= Historia Histrionica =

1699 literary work by James Wright

Historia Histrionica is a 1699 literary work by James Wright (1643-1713), on the subject of theatre in England in the seventeenth century. It is an essential resource for information on the actors and theatrical life of the period, providing data available nowhere else.

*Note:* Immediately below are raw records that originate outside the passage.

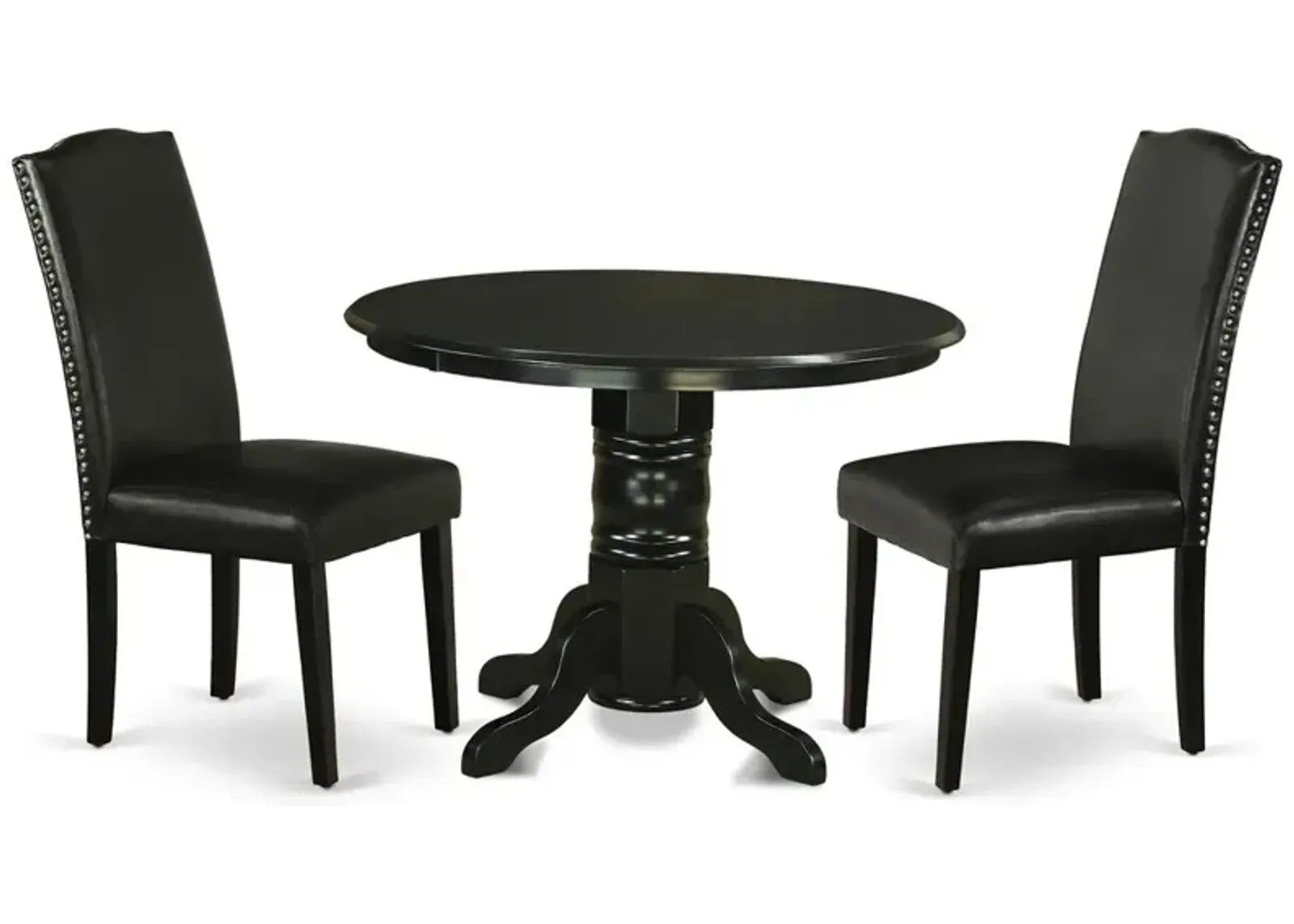 Dining Room Set Black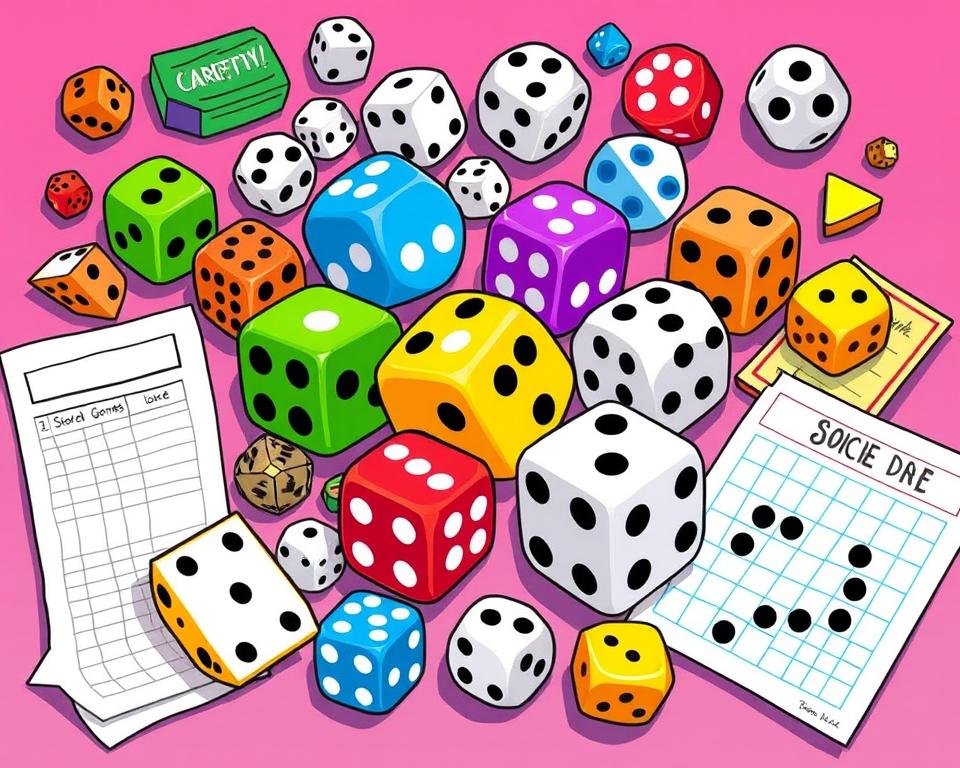 dice game terminology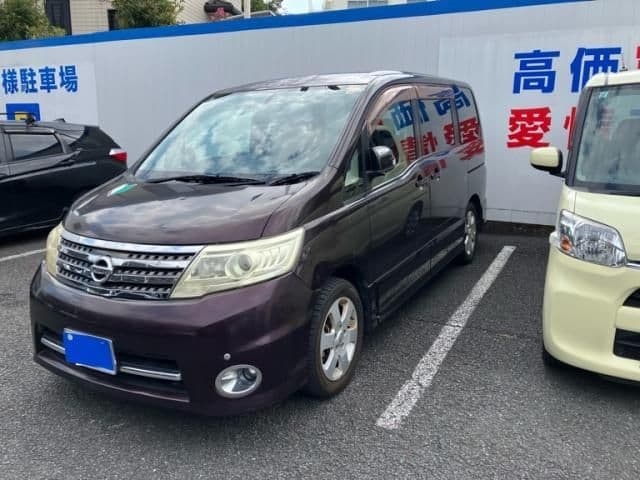 NISSAN SERENA  WG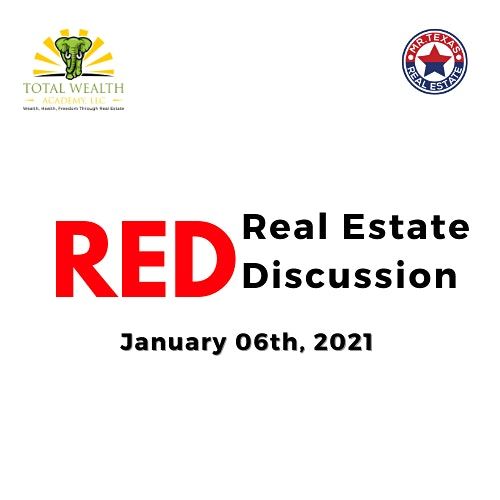 RED Real Estate Discussion Vol3 : Goal Setting 2022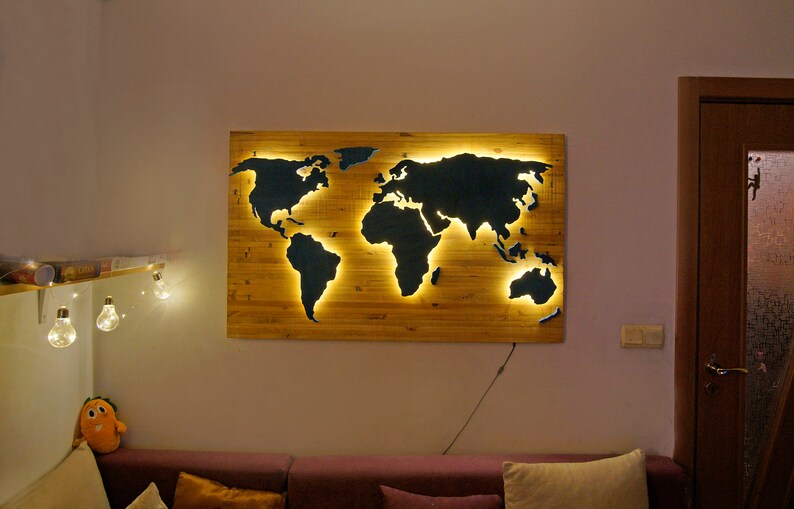 ambient light living room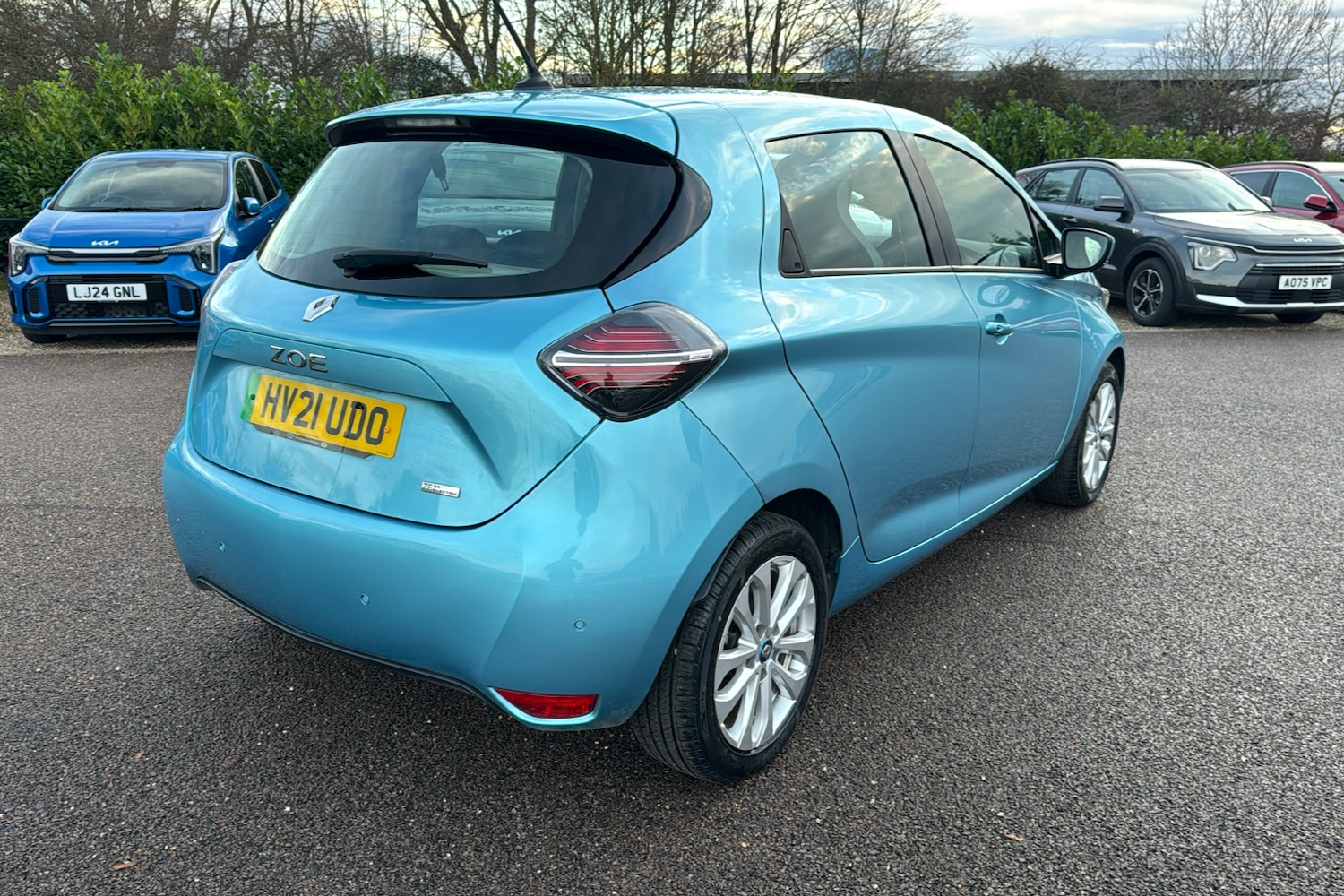 Used Renault Zoe 2021 for sale - 76789785: Photo 28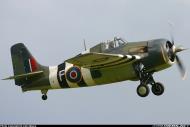 Asisbiz Airworthy Ford FM 2 Wildcat Bu 86711 cn 5765 warbird painted as RN 846 Sqn F 1944 11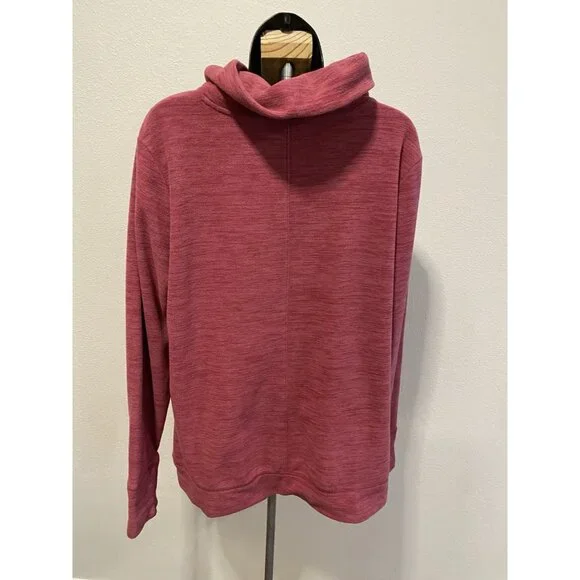 Tek Gear Womens Size L Top Cowl Neck Long Sleeve - Picture 7 of 9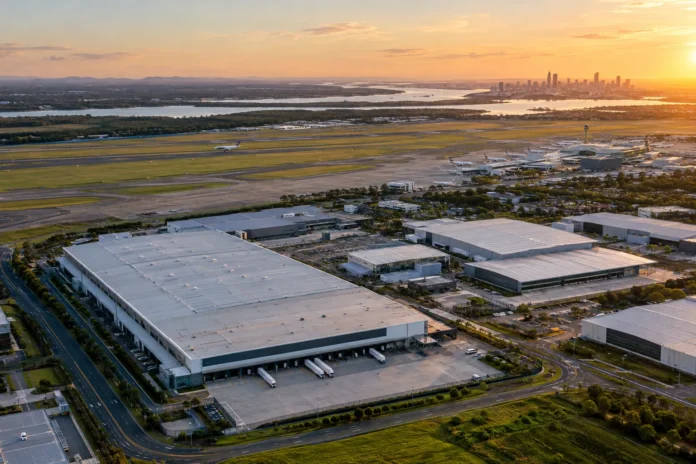 Brisbane Airport industrial land release tests a tight market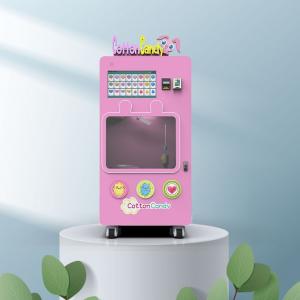 Double Nozzle Fairy Floss Vending Machine Wireless Remote App Control
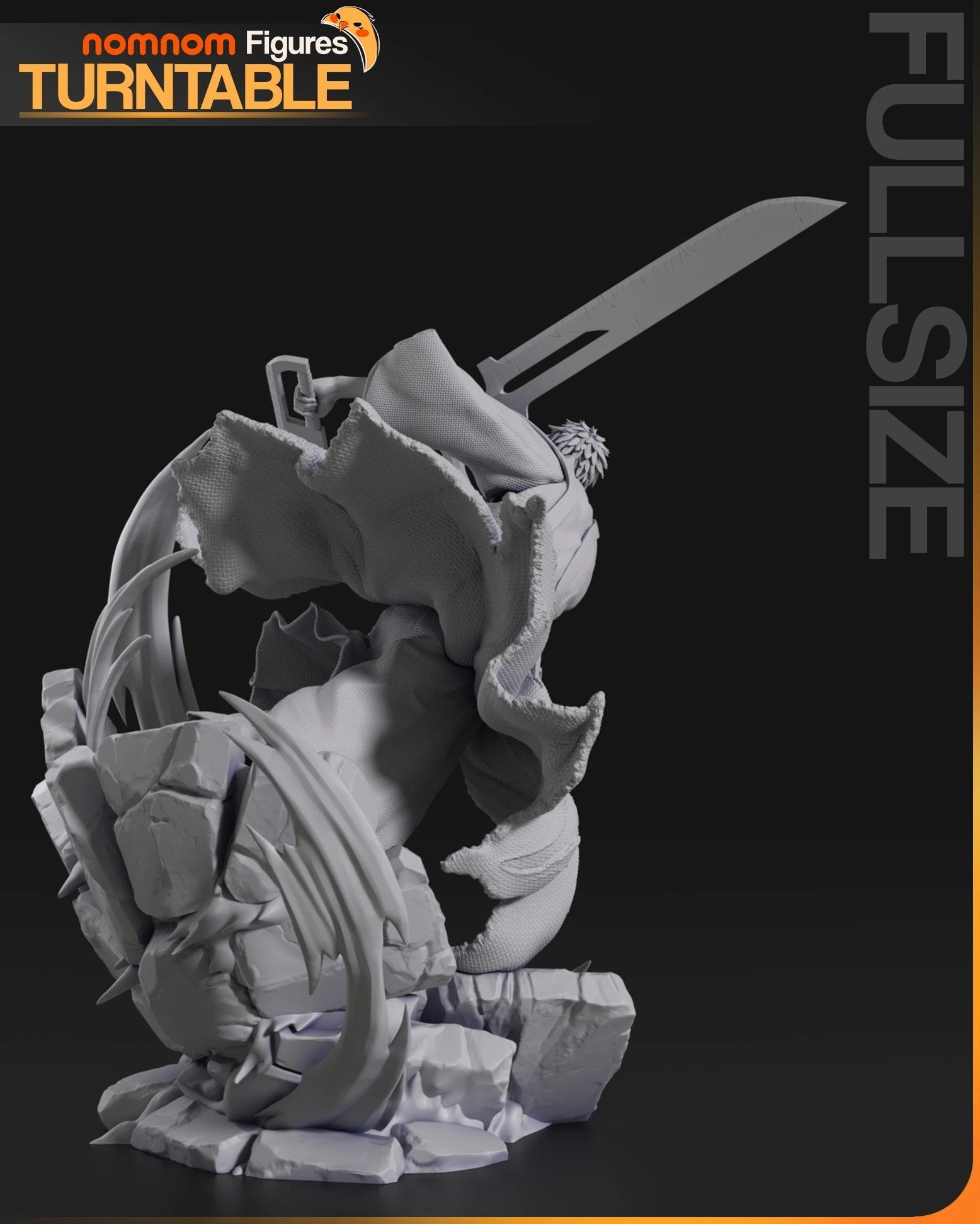 Ichigo Kurosaki — studio render 11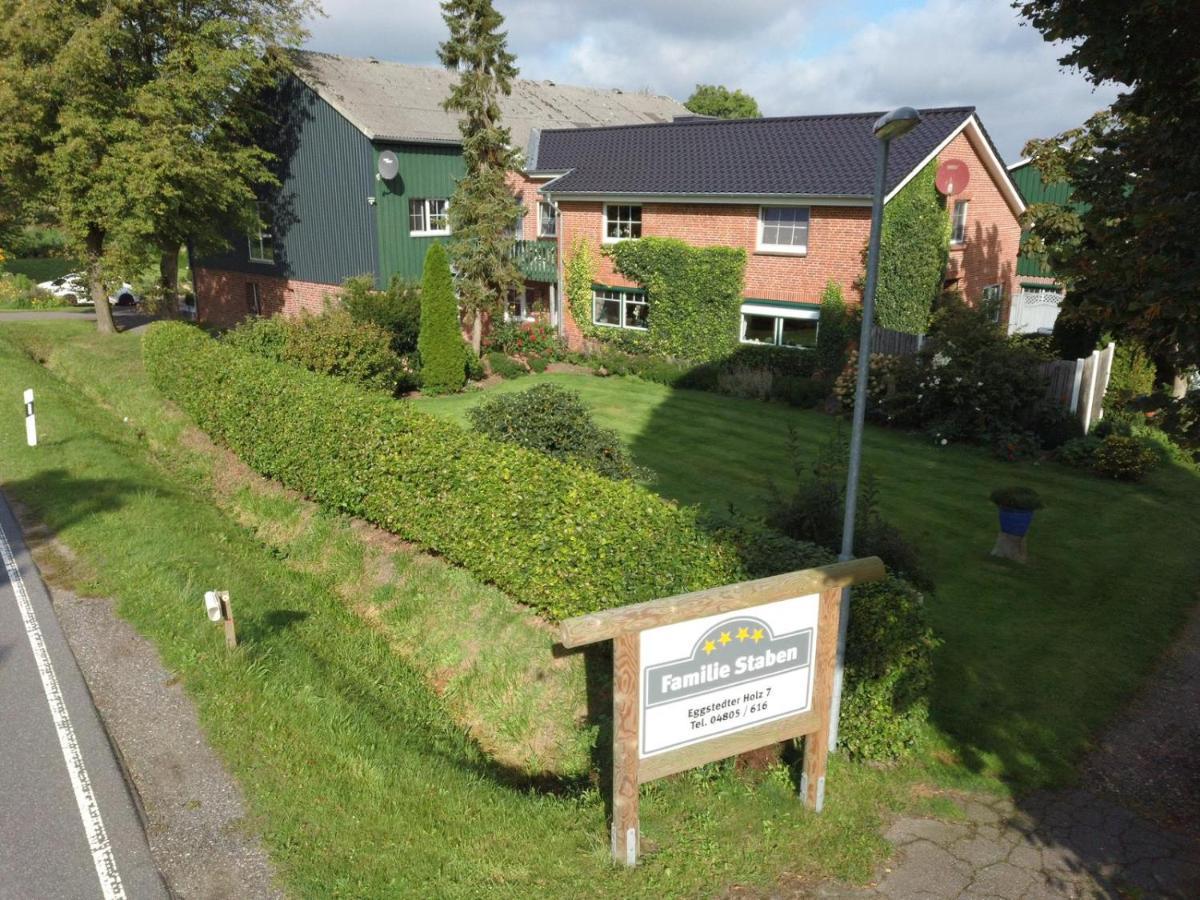 Ferienhaus Staben Eggstedt Exteriör bild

==Full title and original publication==
The work's full title is Historia Histrionica: An historical account of the English stage shewing the ancient use, improvement, and perfection of dramatick representations in this nation. In a dialogue of plays and players. The original 1699 octavo edition, published anonymously, was printed by G. Groom for the bookseller William Hawes. (His shop was at the sign of the Rose, in Ludgate Street.)
==Dialogue form==
As its title indicates, the work is cast in the form of a dialogue between two abstract figures, Lovewit and Trueman; Trueman imparts to Lovewit (and to the reader) his knowledge of theatrical matters. The author, James Wright (1643-1713), was an attorney and occasional poet, and a collector of old plays. Along with Gerard Langbaine and John Downes, Wright was one of the earliest historians of British theatre.
==Reprint and impact==
Historia Histrionica was reprinted in the twelfth volume of Robert Dodsley's collection of old plays, and included in subsequent editions of that work. Wright's essay remains a valuable resource for modern scholars of the subject and the period.
==Similar work by the same writer==
James Wright also published Country Conversations (1694), in which he compares late seventeenth-century theatre to earlier theatre by William Shakespeare, Ben Jonson, Philip Massinger, and others.